I don't think you will be able to sharpen the knives at home unless you have the proper equipment. I would normally buy a second set and swap them out when the first set gets dull. Then you can still use your machine while the other set is out getting sharpened. I have a number of jet machines and they have all provided good service. Jet has a good reputation. I would see if you could find a local store that handles jet and do see it in person.
Mike Hawkins


----------



## knotscott (Nov 8, 2007)

It should be fine, but it's not quite the same machine as their JJCSX 6" jointer. The JJ6OS has an open stand, a 3/4hp motor, and possibly a different fence support mechanism, vs a closed stand and 1hp motor. None of those features are deal breakers, and should stil be very capable but be careful not to pay a premium for it thinking you're getting the other machine. 

It's very similar to the Delta JT360 and Steelex 6" jointer.

http://tool-corral.com/shopsite_sc/store/html/media/ST1001.jpg

http://www.coastaltool.com/a/delt/images/jt360.jpg


----------



## Northerner (Jun 9, 2009)

thanks for the info and thanks mike for the link to the new blades, thats a pretty fair price!

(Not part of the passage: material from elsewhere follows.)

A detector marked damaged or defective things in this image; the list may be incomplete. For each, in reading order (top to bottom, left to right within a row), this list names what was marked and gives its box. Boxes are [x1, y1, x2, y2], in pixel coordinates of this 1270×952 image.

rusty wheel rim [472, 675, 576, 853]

from the sellers pictures i have seen of this jointer, it looks in really nice shape. so am i doing good picking it up for $210??

and if i do get it, does the bed seperate from the stand? i need for it to fit in the trunk of my car (buick lesabre has a large trunk)

thanks


----------



## knotscott (Nov 8, 2007)

$210 seems like a fair "buy" price to me! Good luck! :thumbsup:


----------



## Northerner (Jun 9, 2009)

is there a better 'entry level' jointer i should be looking at?
im a partially disabled machinist and im on a very limited budget so im
slowly putting a shop together little by little and i seen this Jet jointer
for sale for several hundred off new price and i made a lowball offer for
another hundred and such off and they accepted it!

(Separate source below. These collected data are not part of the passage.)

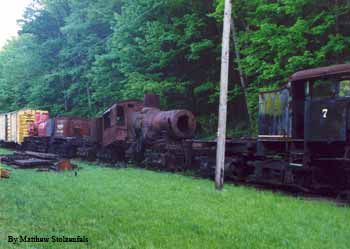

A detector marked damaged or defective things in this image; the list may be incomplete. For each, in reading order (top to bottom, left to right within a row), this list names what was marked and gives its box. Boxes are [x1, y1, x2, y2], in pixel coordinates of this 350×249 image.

rusty steam locomotive [6, 63, 350, 195]
rust on metal [288, 63, 350, 81]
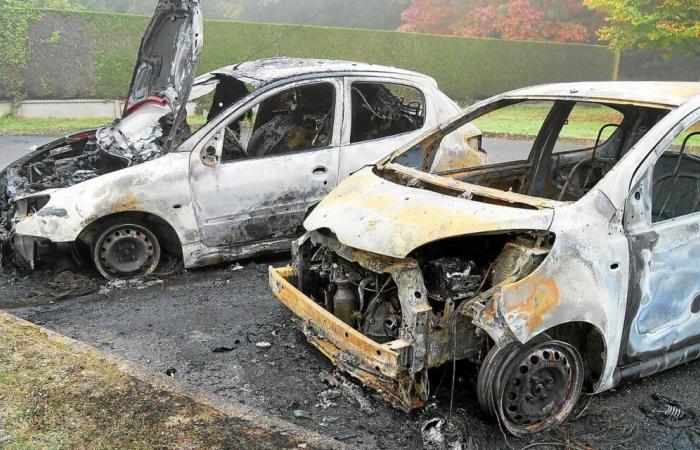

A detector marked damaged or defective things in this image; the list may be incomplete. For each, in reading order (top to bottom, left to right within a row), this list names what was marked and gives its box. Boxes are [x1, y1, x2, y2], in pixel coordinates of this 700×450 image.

burnt tire [90, 222, 160, 280]
burned car [0, 0, 482, 280]
white burned car [0, 0, 482, 280]
charred car body [0, 0, 482, 280]
burned hatchback car [0, 0, 482, 280]
burnt car roof [211, 56, 438, 87]
missing front bumper [270, 268, 426, 412]
burned car [270, 82, 700, 434]
burned hatchback car [270, 82, 700, 434]
charred car body [270, 82, 700, 434]
white burned car [270, 81, 700, 436]
burnt tire [478, 336, 584, 434]
burnt car roof [506, 81, 700, 108]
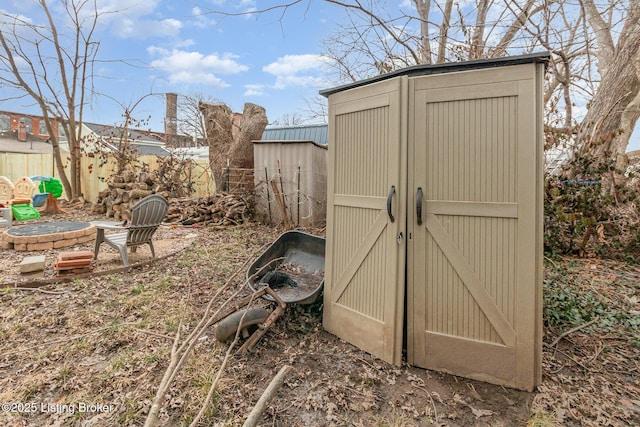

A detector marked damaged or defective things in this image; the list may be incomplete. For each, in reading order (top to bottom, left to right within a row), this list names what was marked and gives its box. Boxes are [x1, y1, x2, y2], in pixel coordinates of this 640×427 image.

rusty wheelbarrow basin [245, 232, 324, 306]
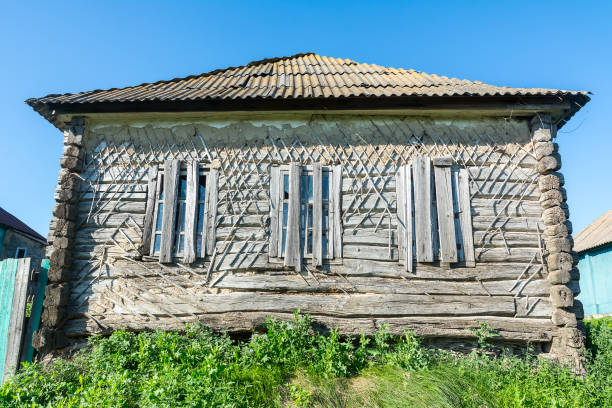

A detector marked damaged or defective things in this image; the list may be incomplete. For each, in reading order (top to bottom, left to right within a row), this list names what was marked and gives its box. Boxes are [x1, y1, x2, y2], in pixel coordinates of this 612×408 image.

rusty metal roof [27, 52, 588, 105]
rusty metal roof [572, 212, 612, 253]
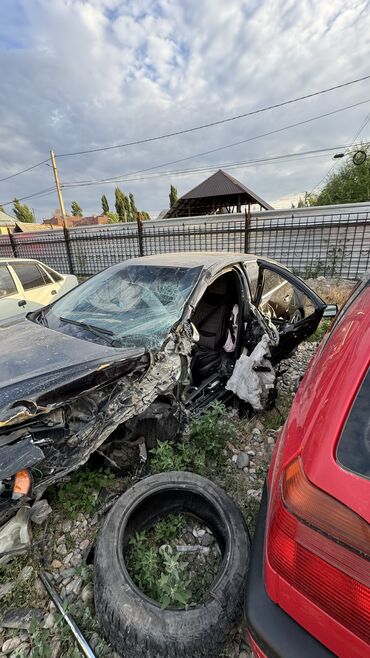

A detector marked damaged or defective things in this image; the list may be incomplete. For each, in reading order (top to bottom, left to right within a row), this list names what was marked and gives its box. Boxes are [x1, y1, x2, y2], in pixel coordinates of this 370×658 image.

crumpled hood [0, 316, 147, 416]
shattered windshield [46, 262, 202, 348]
severely damaged car [0, 251, 326, 524]
detached tire [94, 468, 251, 652]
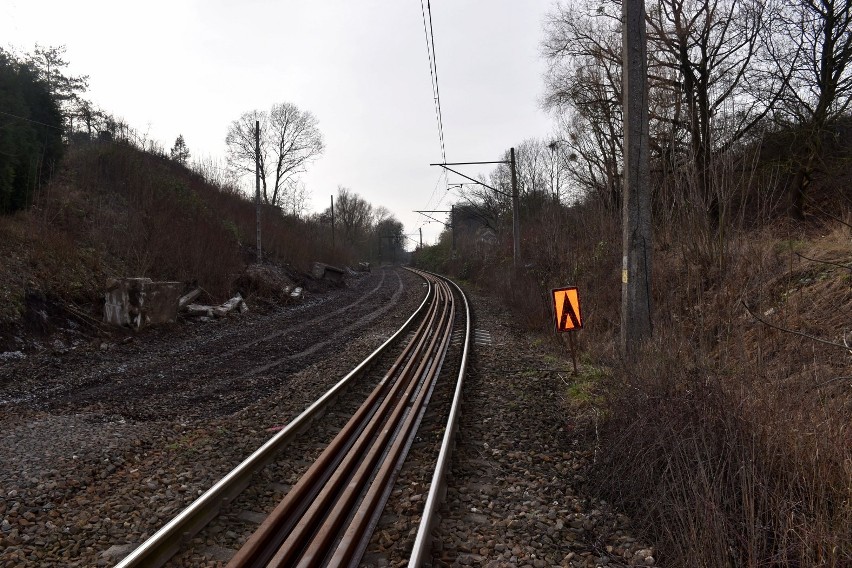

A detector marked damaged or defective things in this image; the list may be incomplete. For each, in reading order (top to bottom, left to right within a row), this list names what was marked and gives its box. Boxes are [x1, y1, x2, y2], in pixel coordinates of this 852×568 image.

rusty rail [112, 272, 432, 564]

i got a good deal on a craftsman 22124 tablesaw for my first piece of equipment, then
got another good deal on a craftsman digital router and a no name belt/disc sander
for way cheaper and a hegner scroll saw for cheaper yet. 
and the next things i wanted to get was a drill press, dust collector, router table and
a planer. 

a jointer was down the list till i made the lowball offer but in your opinions, what would
you get first, a jointer or a planer or something else more important???

thanks again


----------



## knotscott (Nov 8, 2007)

IMHO, it'll be tough to do better than the Jet in the $210 range. Great deals come and go periodically and unpredictably...you've got a fine "bird in hand" here. :yes: A jointer is the first step in flattening and straightening wood. A planer is an excellent tool to use in tandem with the jointer. It's possible to get by without a jointer, but there's no other tool better at flattening a face and an adjacent 90° edge. The most recommended method from experts like Norm Abrams and David Marks is to flatten a face and an edge with the jointer, then let the planer make the 2nd face parallel to the flat face. You'll start every project with flat straight stock, so joints will mate like they should. 

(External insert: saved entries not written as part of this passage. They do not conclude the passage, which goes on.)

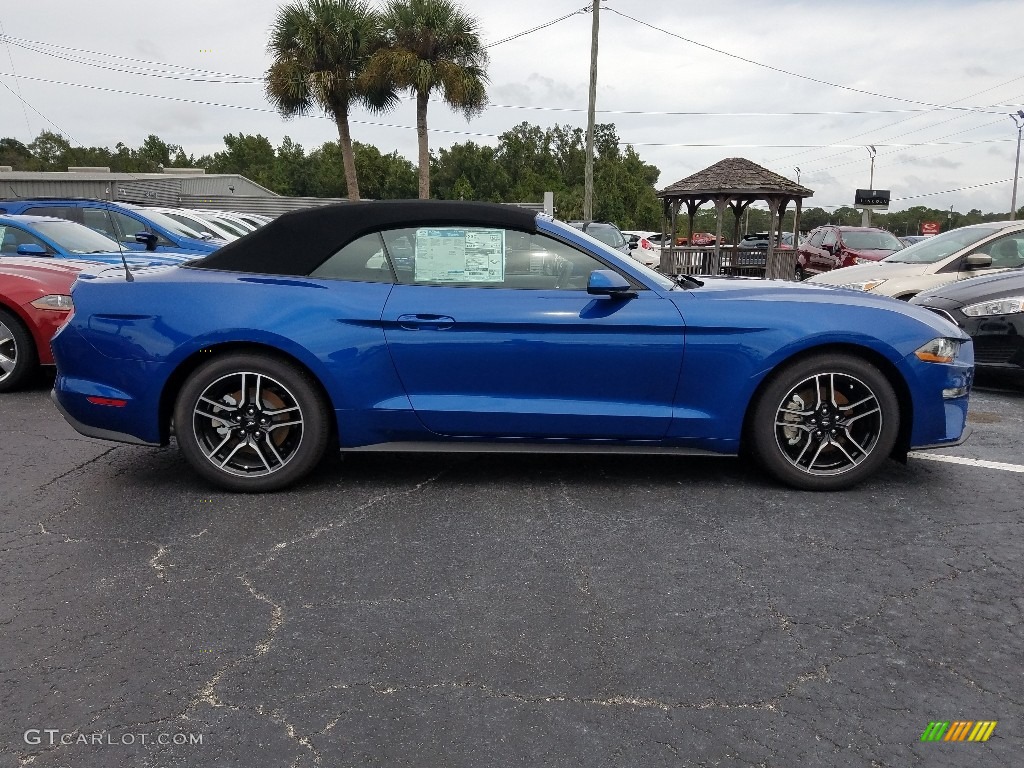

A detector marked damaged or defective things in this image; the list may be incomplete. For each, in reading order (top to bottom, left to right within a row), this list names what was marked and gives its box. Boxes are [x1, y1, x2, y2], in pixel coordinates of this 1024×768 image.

cracked pavement [0, 376, 1019, 765]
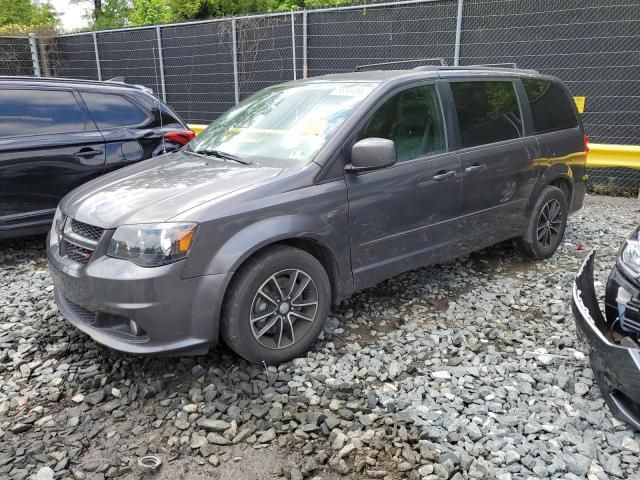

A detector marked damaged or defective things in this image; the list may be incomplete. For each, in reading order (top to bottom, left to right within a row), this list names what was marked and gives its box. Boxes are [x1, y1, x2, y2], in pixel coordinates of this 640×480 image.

damaged bumper [576, 253, 640, 430]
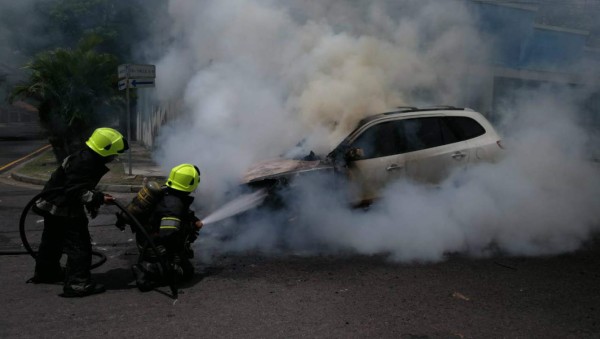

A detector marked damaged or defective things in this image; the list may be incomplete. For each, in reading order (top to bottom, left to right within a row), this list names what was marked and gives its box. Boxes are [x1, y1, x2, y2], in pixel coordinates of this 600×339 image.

burned car [241, 106, 504, 207]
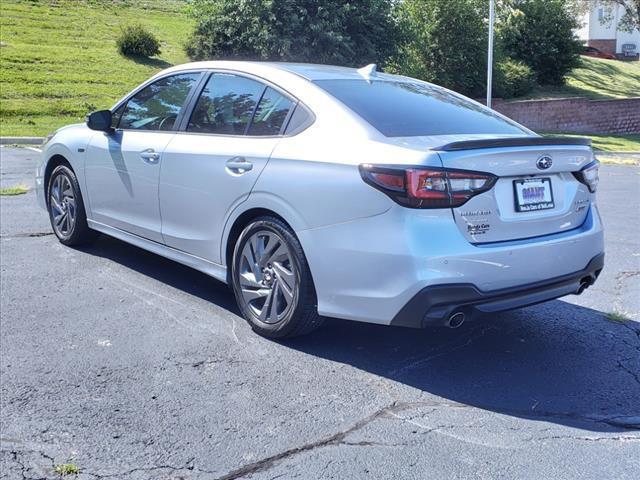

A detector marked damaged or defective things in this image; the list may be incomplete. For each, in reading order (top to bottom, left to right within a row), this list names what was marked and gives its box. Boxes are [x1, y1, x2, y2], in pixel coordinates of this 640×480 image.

cracked asphalt [0, 147, 636, 480]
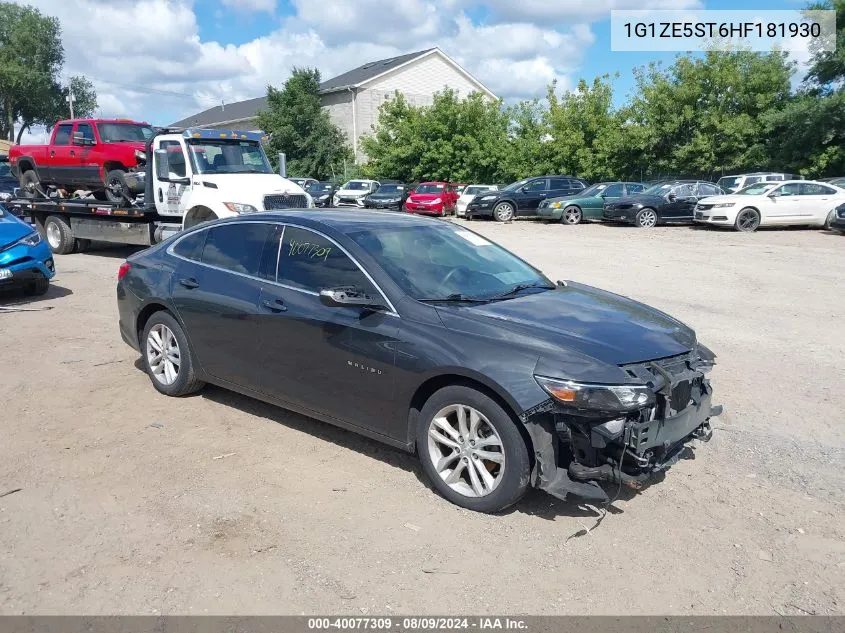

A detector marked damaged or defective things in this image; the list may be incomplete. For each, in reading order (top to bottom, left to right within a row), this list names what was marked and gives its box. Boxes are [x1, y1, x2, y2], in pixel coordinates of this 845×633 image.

damaged dark gray sedan [118, 210, 724, 512]
broken headlight [536, 372, 652, 412]
front end damage [516, 348, 724, 502]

BTW, I loved my 22124. With good alignment and good blade selection it performed really nicely...great fence too. Last summer I finally made the move to a 3hp cabinet saw, but the 22124 really served me well for over 3 years, and there are some aspects that I still miss (ie: 44" cast surface, Biese fence). Also, if you've got the space, you can easily slide the front rail tube 10" to the right for a rip capacity of 40".


----------



## Northerner (Jun 9, 2009)

thanks for the info knottscott, it helps in my decision so i appreciate it!


----------



## sweensdv (Mar 3, 2008)

If you decide to buy this jointer, check out www.holbren.com for knives. I have the closed stand version of this jointer and that's where I get my knives from. Right off the top of my head, I think I paid under $15 for a set the last time I bought some.


----------



## Northerner (Jun 9, 2009)

thanks for all the help everyone but i have decided to pass on this jointer. the owner finally got me some better pictures of it and i was
very disappointed to say the least! this thing had to have gotten wet at some time in its life? the bed had a lot of surface rust, a LOT of 
the bolts were rusty as were the ways where the fence slides in and out.

im sure it could be cleaned up but i dont want something that might be trouble later that cant be seen now?

thanks anyway for all your help and im sure i will find another jointer down the road and you can help me out with that one! :thumbsup:


----------